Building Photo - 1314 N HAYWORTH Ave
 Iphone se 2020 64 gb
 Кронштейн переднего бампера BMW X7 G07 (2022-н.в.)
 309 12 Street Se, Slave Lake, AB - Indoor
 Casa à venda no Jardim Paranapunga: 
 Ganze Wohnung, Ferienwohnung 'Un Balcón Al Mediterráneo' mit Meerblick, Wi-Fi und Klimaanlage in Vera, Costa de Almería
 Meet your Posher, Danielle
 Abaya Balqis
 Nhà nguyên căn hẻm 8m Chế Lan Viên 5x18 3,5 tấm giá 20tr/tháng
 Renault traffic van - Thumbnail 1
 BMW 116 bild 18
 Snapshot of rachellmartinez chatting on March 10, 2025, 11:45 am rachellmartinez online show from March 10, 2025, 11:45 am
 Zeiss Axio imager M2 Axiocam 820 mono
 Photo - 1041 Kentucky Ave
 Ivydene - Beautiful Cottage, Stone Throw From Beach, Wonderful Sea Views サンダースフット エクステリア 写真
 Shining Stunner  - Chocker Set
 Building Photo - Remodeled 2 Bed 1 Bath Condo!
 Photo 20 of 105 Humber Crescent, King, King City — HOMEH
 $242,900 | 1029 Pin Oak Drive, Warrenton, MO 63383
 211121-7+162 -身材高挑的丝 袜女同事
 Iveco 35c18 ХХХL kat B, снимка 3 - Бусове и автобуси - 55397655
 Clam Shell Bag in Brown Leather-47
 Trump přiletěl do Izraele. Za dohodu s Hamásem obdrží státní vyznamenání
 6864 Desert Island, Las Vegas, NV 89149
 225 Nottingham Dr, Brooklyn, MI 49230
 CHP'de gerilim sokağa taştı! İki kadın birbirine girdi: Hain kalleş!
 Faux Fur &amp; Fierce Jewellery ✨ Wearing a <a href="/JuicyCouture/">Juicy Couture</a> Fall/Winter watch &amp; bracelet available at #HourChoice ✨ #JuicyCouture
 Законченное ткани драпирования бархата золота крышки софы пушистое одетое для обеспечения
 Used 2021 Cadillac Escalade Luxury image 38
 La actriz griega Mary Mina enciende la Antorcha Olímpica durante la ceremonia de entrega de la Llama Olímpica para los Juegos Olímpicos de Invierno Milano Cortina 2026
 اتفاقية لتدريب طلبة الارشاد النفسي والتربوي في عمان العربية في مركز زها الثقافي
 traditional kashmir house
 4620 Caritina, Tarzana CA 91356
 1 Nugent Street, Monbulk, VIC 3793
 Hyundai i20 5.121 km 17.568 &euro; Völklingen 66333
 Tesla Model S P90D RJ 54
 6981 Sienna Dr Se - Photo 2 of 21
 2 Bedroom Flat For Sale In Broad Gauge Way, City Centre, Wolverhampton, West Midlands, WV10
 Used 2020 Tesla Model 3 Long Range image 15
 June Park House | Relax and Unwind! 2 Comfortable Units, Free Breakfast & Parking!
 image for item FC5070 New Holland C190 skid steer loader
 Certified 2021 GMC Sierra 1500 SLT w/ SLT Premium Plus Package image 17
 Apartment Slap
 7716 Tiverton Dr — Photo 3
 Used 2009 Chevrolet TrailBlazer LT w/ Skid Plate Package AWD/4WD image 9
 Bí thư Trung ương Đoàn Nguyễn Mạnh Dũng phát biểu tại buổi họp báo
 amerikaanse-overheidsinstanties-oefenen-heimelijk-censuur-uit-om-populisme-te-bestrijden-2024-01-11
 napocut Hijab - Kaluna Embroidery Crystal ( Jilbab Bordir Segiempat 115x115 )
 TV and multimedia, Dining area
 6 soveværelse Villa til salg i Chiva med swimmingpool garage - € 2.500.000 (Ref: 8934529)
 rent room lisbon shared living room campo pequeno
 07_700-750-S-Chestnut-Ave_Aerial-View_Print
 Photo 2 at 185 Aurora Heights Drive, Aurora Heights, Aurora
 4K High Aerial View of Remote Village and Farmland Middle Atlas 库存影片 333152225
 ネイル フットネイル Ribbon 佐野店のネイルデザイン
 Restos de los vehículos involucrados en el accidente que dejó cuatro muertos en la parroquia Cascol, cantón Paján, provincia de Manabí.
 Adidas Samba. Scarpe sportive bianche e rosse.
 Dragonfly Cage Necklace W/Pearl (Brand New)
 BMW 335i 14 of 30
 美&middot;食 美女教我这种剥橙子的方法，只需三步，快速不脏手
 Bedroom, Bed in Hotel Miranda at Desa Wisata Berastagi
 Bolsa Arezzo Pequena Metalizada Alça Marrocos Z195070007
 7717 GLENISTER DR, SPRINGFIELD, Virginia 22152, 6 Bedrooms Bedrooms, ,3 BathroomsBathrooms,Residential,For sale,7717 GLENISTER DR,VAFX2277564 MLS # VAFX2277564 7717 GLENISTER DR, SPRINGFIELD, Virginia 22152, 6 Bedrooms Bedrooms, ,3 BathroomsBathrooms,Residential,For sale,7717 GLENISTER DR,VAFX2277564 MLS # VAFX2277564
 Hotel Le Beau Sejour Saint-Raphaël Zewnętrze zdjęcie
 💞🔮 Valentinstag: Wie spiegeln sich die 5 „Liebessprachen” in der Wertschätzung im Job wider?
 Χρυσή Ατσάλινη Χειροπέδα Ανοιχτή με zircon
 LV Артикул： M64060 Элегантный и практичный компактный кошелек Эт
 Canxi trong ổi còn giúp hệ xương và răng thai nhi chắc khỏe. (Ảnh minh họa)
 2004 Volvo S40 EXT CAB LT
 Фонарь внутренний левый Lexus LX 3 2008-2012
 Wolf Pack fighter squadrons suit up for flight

------------------------------

== TASK DESCRIPTION ==
Look above for the line holding "اتفاقية لتدريب طلبة". Print it and every line after it, exactly, through the line holding "7716 Tiverton Dr — Photo 3".

== SOLUTION BELOW ==
 اتفاقية لتدريب طلبة الارشاد النفسي والتربوي في عمان العربية في مركز زها الثقافي
 traditional kashmir house
 4620 Caritina, Tarzana CA 91356
 1 Nugent Street, Monbulk, VIC 3793
 Hyundai i20 5.121 km 17.568 &euro; Völklingen 66333
 Tesla Model S P90D RJ 54
 6981 Sienna Dr Se - Photo 2 of 21
 2 Bedroom Flat For Sale In Broad Gauge Way, City Centre, Wolverhampton, West Midlands, WV10
 Used 2020 Tesla Model 3 Long Range image 15
 June Park House | Relax and Unwind! 2 Comfortable Units, Free Breakfast & Parking!
 image for item FC5070 New Holland C190 skid steer loader
 Certified 2021 GMC Sierra 1500 SLT w/ SLT Premium Plus Package image 17
 Apartment Slap
 7716 Tiverton Dr — Photo 3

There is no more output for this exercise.